I want to believe that. I really do. “You sure about that?”

“I am certain,” he says in that forbidding way that even I don’t feel compelled to argue with.

We both fall silent. We’ve been practicing for hours. I feel electrified and a little burned out, but in a good way, like all my muscles—magical and physical—have been through a tough workout.

Yet we stand here, the air around us seeming to hint at all the things we don’t say.

But I have my pride, and he has a thousand lifetimes’ supply of his own, so I move to leave. After only a couple of steps, before I make it off the rug where I sobbed out his name and he held me in his arms like we were made for each other, his voice stops me.

“I’ll see you at dinner, witchling.”

I don’t turn to face him. I’m afraid my smile would blind us both, and it has nothing to do with daisies. Because I know that term was once meant to create a distance. To remind us both that I was beneath him.

But I’m not now. And witchling has turned into an endearment. Just for us. Once I’ve gotten ahold of myself I give him a little over-the-shoulder smirk. “If you’re lucky.”

I don’t stay. If I do, I might be prone to giggle or something else equally embarrassing, so I hightail it out of there. I don’t particularly want to head home, because my parents are likely waiting to grill me on my first class. Maybe I’ll swing by Nix, grab a burger, and check in with Aunt Zelda—still only by text, but she told me she’d be waiting to hear how high school went today—while trying to figure out the truth of her condition from Zander’s general unforthcoming stonewalling. I could go to Confluence Books and curl up on one of the sofas and do some work. I could hang out in Tea & No Sympathy and make Ellowyn laugh between customers.

It warms me, all these options. All the ways this place could feel like home again if Litha wasn’t hanging over my head. Not to mention other things, like my parents. Penance. Lingering shame...

As if the thought of all those things conjures the woman I least want to see, Felicia is waiting at the bottom of the stairs to Frost House. Like...clearly, creepily, waiting for me and not even trying to pretend otherwise.

The closer I get, I begin to realize she can’t go farther than that little bit of bricks that dead-end into the first step. It’s like there’s a wall and she can’t get through it.
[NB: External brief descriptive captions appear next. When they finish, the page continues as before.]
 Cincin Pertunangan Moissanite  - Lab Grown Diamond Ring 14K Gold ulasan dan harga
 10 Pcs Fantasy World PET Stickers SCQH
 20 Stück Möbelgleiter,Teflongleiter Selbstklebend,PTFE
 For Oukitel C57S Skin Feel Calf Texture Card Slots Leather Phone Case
I think she wants to. I think she’s trying to. I know she started trying before she saw me, because I can see it in my head like an instant replay, even though I’m only supposed to see forward. But I ignore that part and concentrate on the fact that whatever power Felicia has as member of the Joywood, Nicholas has created some kind of barrier that even the most powerful witches in the world can’t pass. Not if he doesn’t want them to.
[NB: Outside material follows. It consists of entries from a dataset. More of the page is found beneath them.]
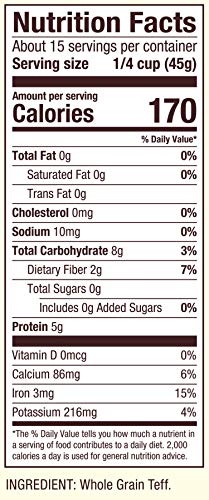 Bob's Red Mill Whole Grain Teff, 24oz (Pack of 1) - Non GMO, Whole Grain, Vegan, Kosher - Image 4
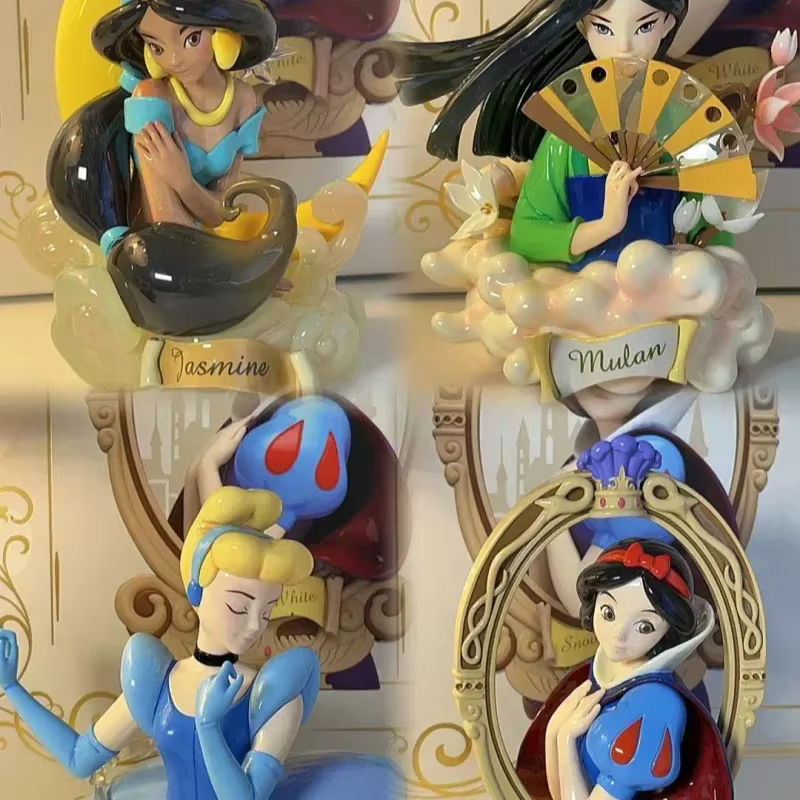 Disney Prinzessin Kunst Büste Serie von TAKARA TOMY als mehrfarbige Anime Actionfigur aus Kunstharz zur Dekoration - Bild 3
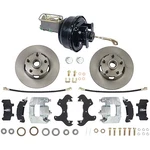 1964-66 Mustang; Front Disc Brakes; Cylinder; 5 Lug; With 7" Booster And Dual. Fixed Price $1278.99.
I feel like sobbing out his name all over again, but I don’t.

Instead, I stop walking on about the third step and stand there, protected against this woman who’s supposed to be the best representation of a Diviner in all the land. This mean, petty woman who made my life hell and is red in the face because she can’t loom over me the way she liked to do when I was a kid forced to sit in that torturously uncomfortable chair in her office.

I make a show of sitting down, just out of reach and still above her.

Because I really do love a power dynamic.

Felicia vibrates with that temper of hers I recognize all too well. I find myself thinking the same thing I always did in high school. That she should have helped me. That she was a Diviner, something I could feel hum inside me without anyone ever needing to tell me we were the same designation, so why couldn’t she? She’s always acted like I was conceited and getting above my station to imagine I was anything like her. And yet she was and is my counterpart. Not only that, if we follow through with Emerson’s insane idea to officially start our own coven and pit ourselves against the Joywood in an Ascension, I’ll take her place.

That doesn’t bother me one little bit today.

Though it does occur to me, suddenly, that it clearly bothers her. And did even back then.

“Good morning, Felicia,” I offer brightly, then make a big production of looking at the sky, where the storm is now off to the east and the sun is high. “Or afternoon, as the case may be.”